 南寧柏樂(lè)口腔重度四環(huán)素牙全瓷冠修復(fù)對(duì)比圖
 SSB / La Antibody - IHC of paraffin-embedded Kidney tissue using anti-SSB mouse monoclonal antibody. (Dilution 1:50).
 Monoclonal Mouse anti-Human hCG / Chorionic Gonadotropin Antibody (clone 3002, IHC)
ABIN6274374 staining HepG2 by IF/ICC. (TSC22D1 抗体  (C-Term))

==

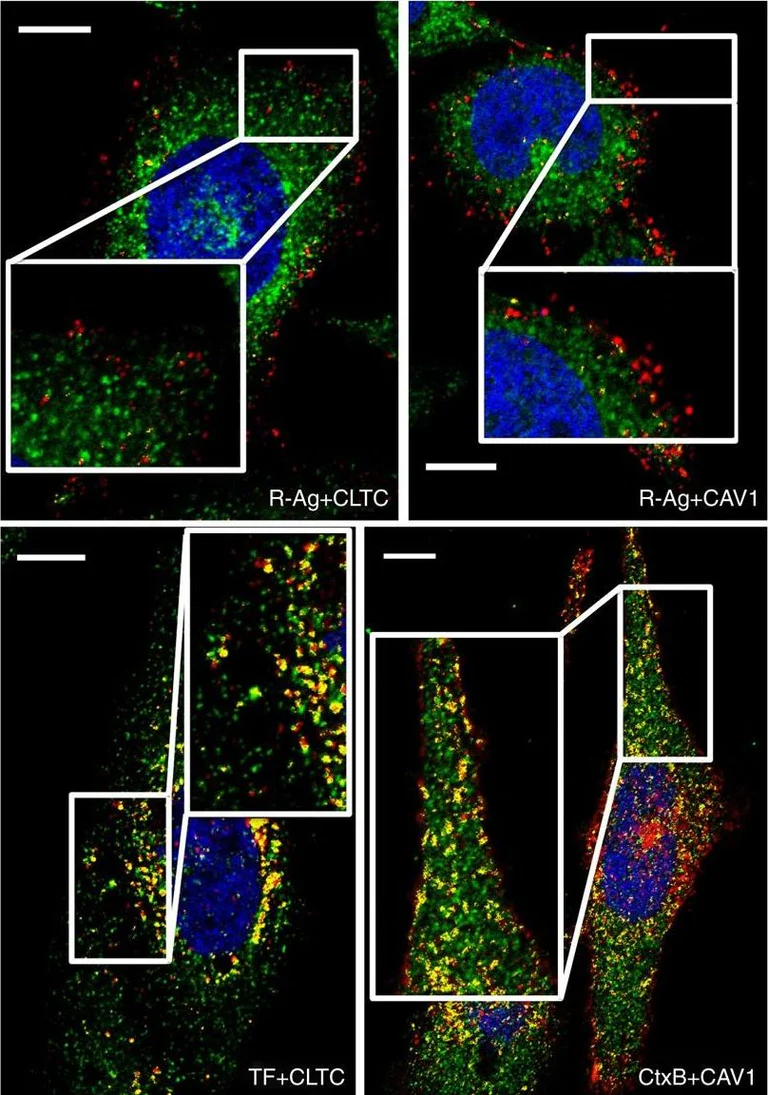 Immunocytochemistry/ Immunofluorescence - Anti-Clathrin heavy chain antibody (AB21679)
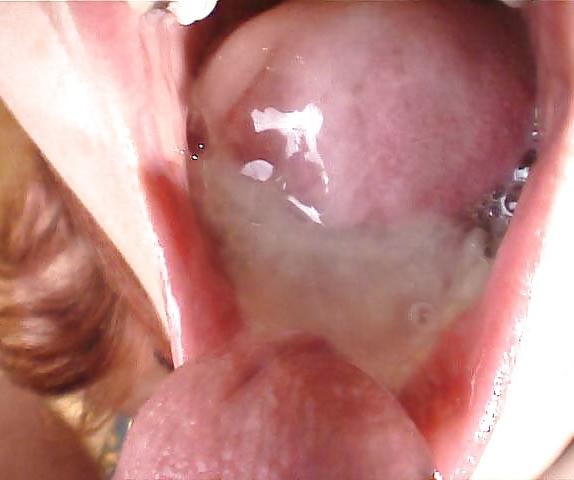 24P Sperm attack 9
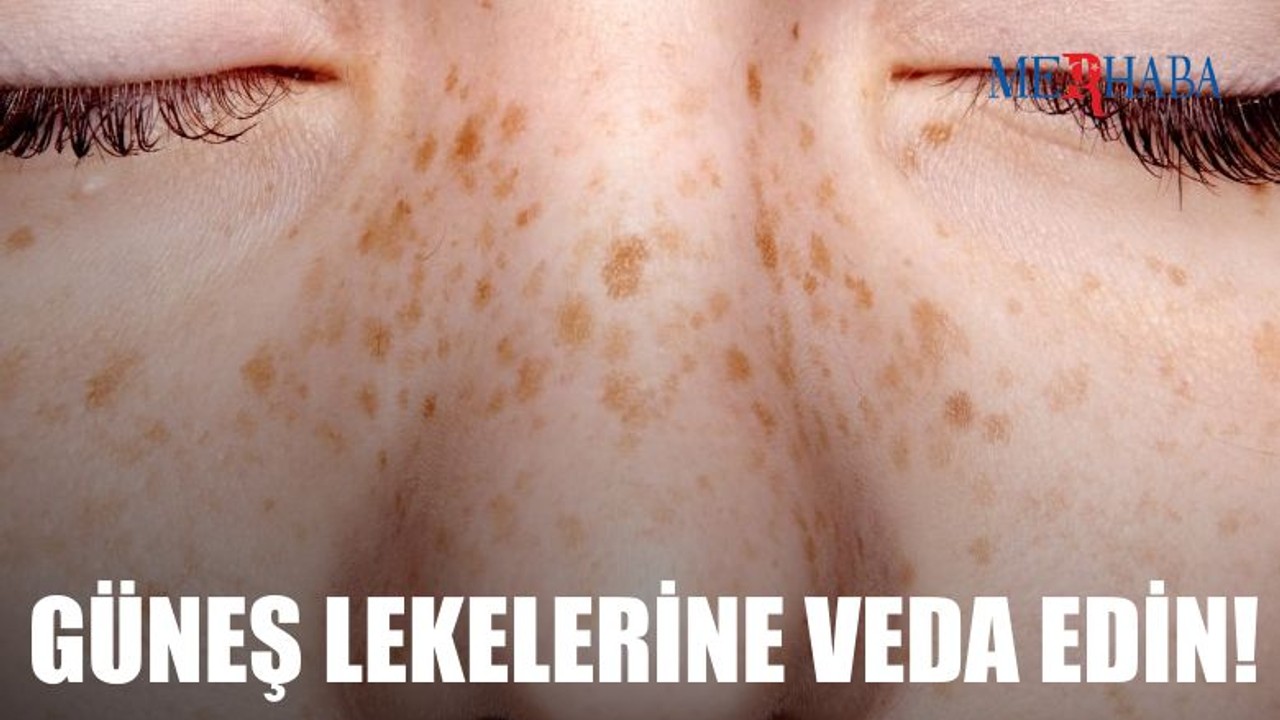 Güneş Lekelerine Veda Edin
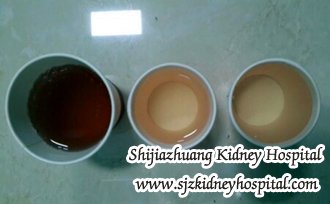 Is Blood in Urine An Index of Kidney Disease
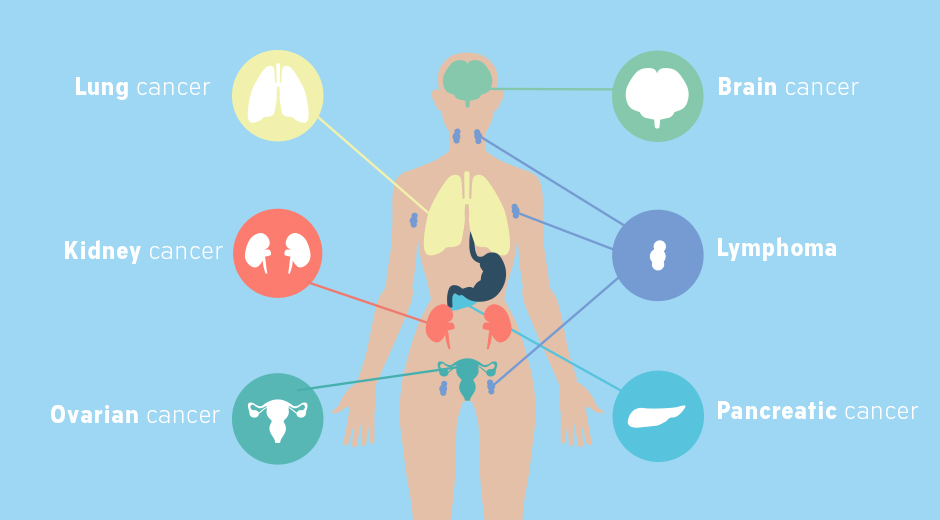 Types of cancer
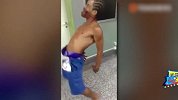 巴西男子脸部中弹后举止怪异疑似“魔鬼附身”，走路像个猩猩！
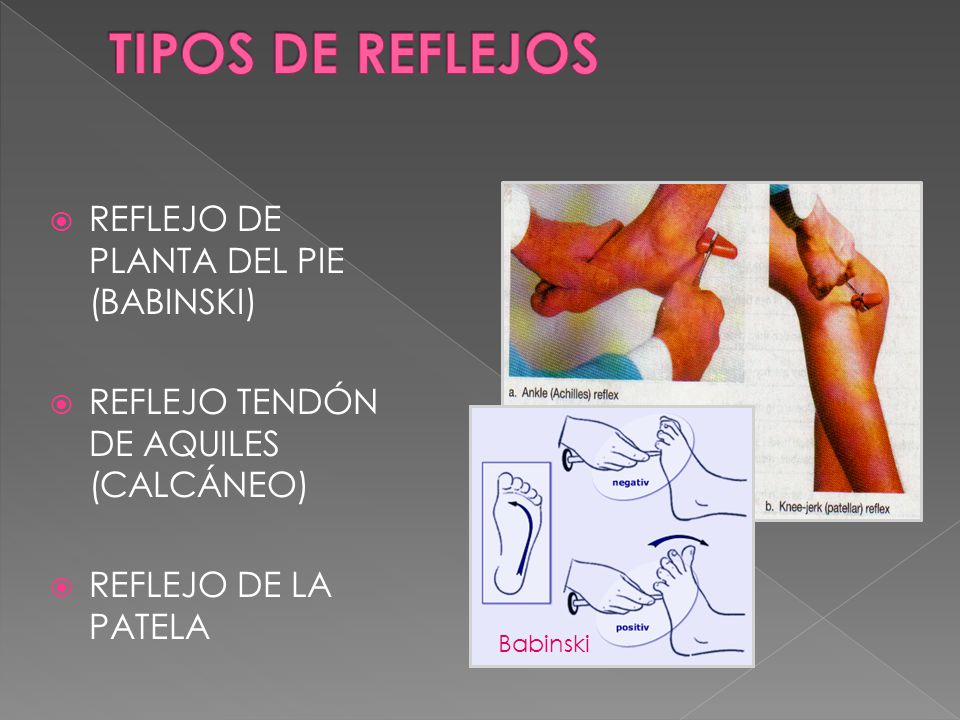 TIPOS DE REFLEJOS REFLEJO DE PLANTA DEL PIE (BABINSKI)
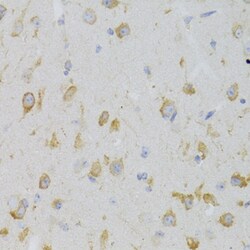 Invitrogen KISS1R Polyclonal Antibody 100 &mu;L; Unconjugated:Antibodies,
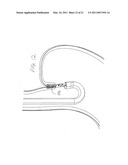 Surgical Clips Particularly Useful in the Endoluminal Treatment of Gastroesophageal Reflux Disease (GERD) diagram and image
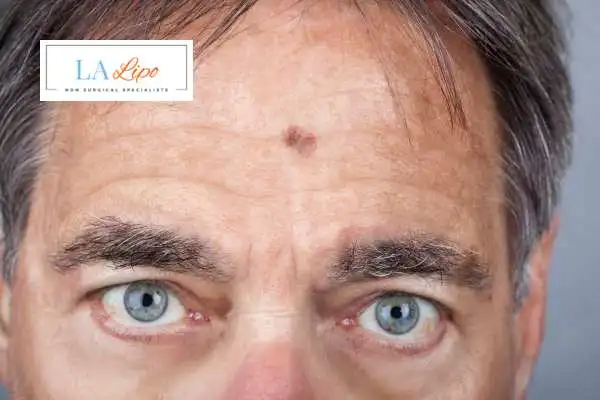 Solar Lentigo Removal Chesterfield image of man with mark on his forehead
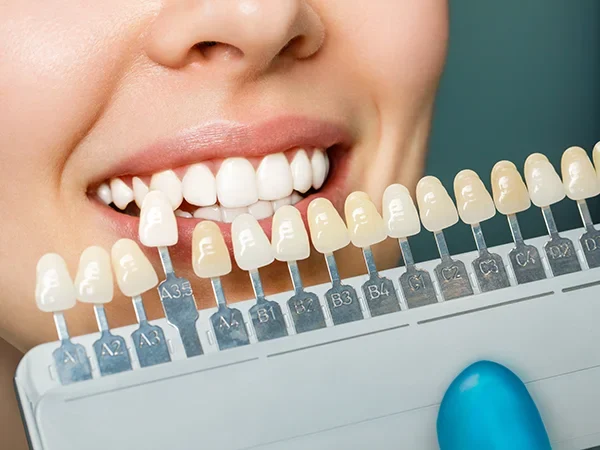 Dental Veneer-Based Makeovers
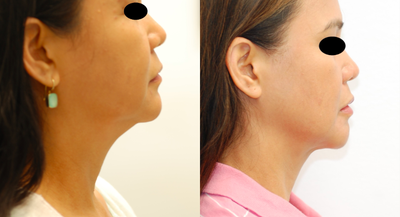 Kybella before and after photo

§ Work to be completed
All that belongs in your answer is the stretch of entries above from the line with "SSB / La Antibody" through the line with "ABIN6274374 staining HepG2", printed exactly.

§ Final answer
 SSB / La Antibody - IHC of paraffin-embedded Kidney tissue using anti-SSB mouse monoclonal antibody. (Dilution 1:50).
 Monoclonal Mouse anti-Human hCG / Chorionic Gonadotropin Antibody (clone 3002, IHC)
ABIN6274374 staining HepG2 by IF/ICC. (TSC22D1 抗体  (C-Term))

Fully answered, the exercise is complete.